▶ **What this task involves**
Please print, exactly, only the lines in the entries below from the line that has "Greg and Addison" through the line that has "Lobby Grand Muthu Forte da Oura". Pictures don't go in.
[Available data Boundary: Start]
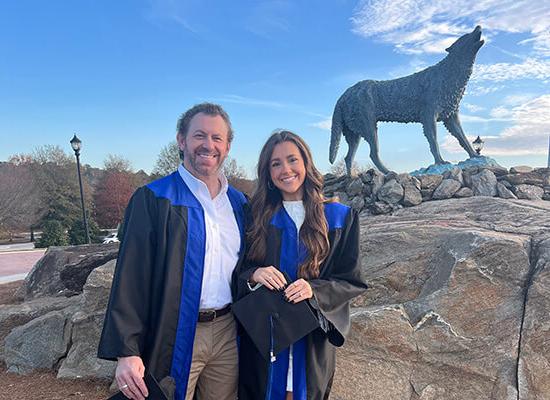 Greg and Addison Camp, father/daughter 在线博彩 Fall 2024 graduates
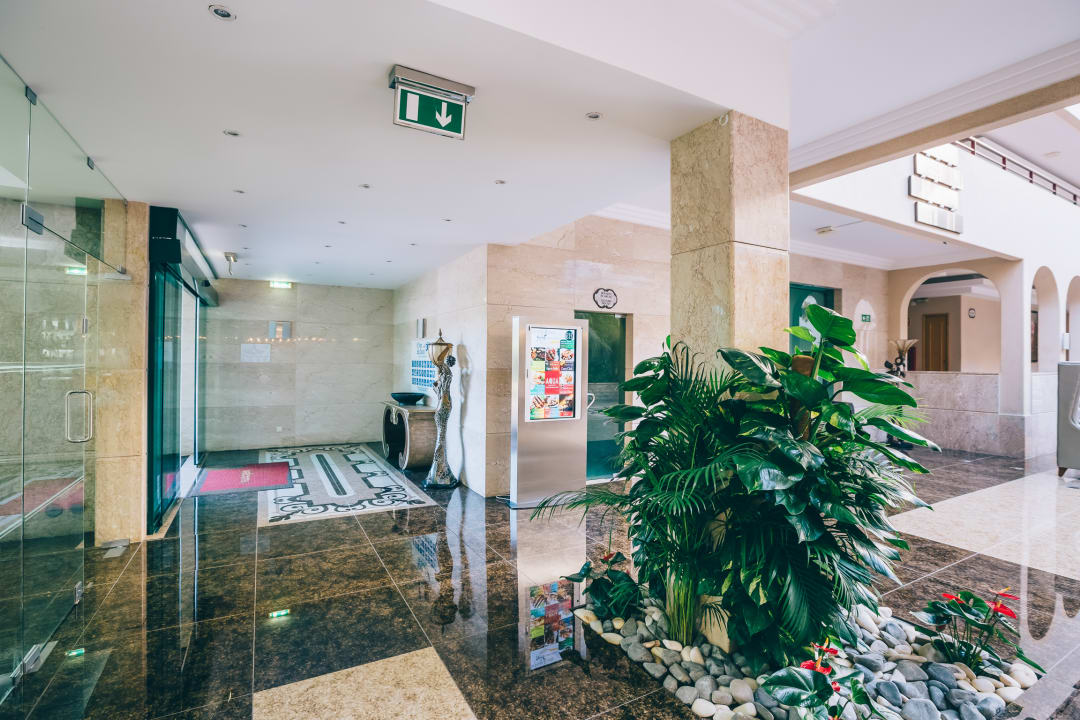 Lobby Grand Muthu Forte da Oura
[Available data Boundary: End]
[Available data Boundary: Start]
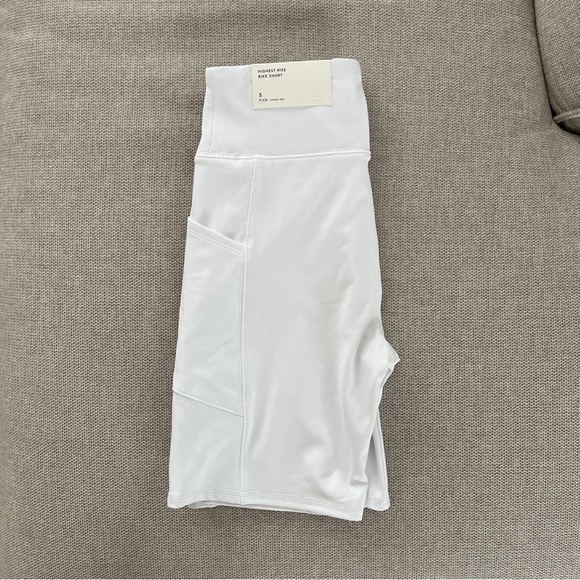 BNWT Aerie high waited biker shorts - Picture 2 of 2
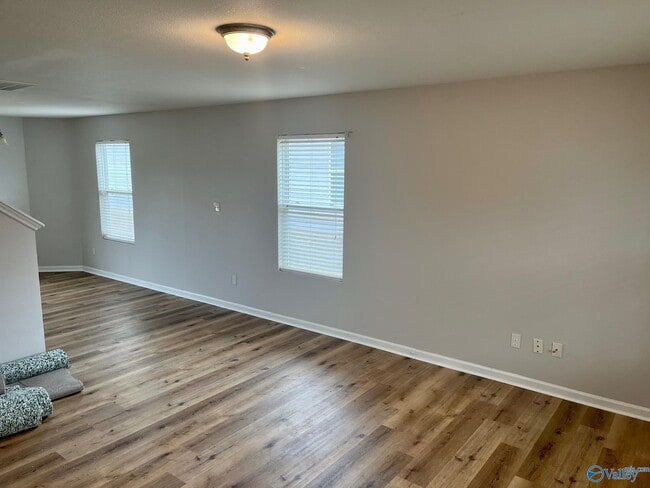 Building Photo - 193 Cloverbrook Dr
[Available data Boundary: End]
[Available data Boundary: Start]
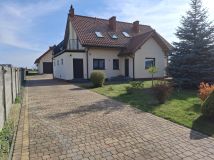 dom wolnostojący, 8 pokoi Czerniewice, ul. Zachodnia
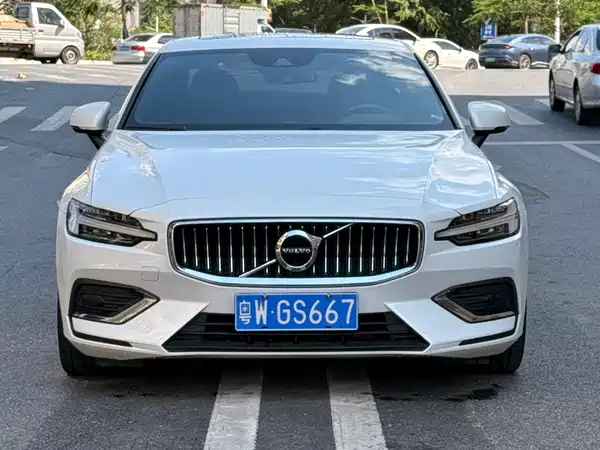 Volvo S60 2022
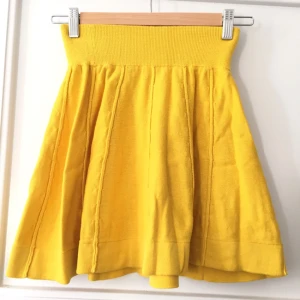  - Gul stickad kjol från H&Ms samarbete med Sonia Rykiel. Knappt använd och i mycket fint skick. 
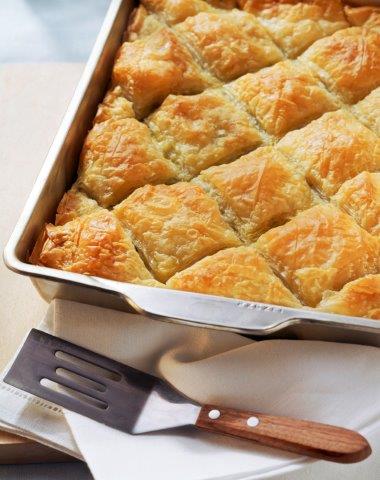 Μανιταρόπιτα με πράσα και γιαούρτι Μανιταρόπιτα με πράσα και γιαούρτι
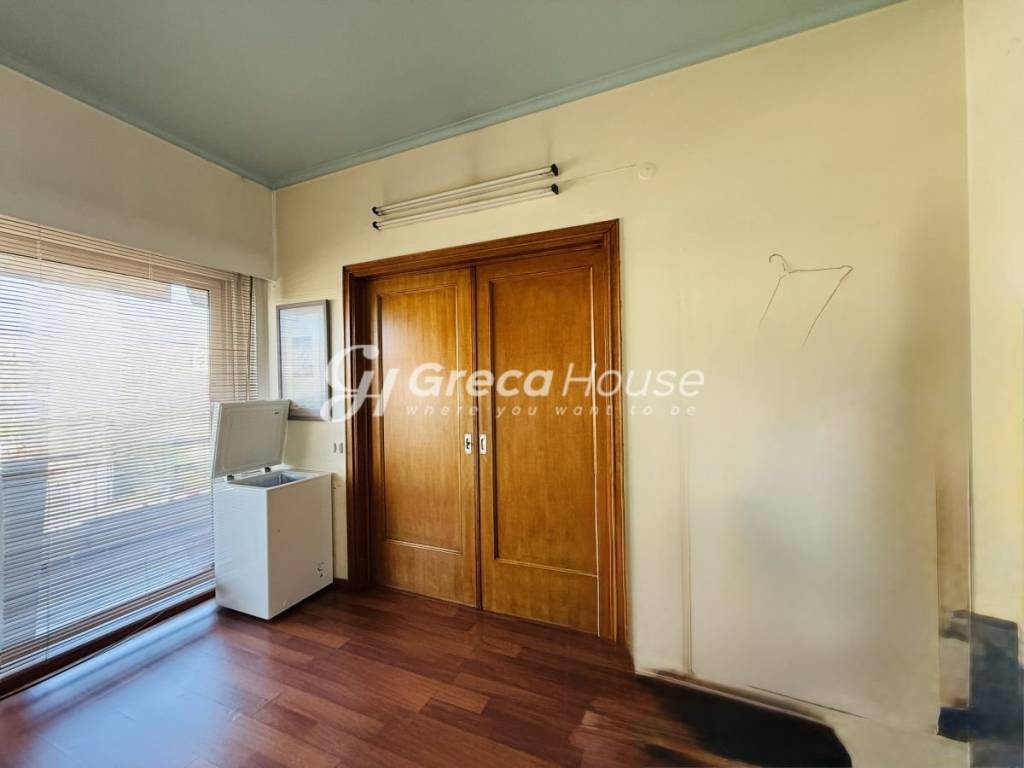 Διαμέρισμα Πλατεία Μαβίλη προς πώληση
[Available data Boundary: End]
▶ **Finished exercise**
 Greg and Addison Camp, father/daughter 在线博彩 Fall 2024 graduates
 Lobby Grand Muthu Forte da Oura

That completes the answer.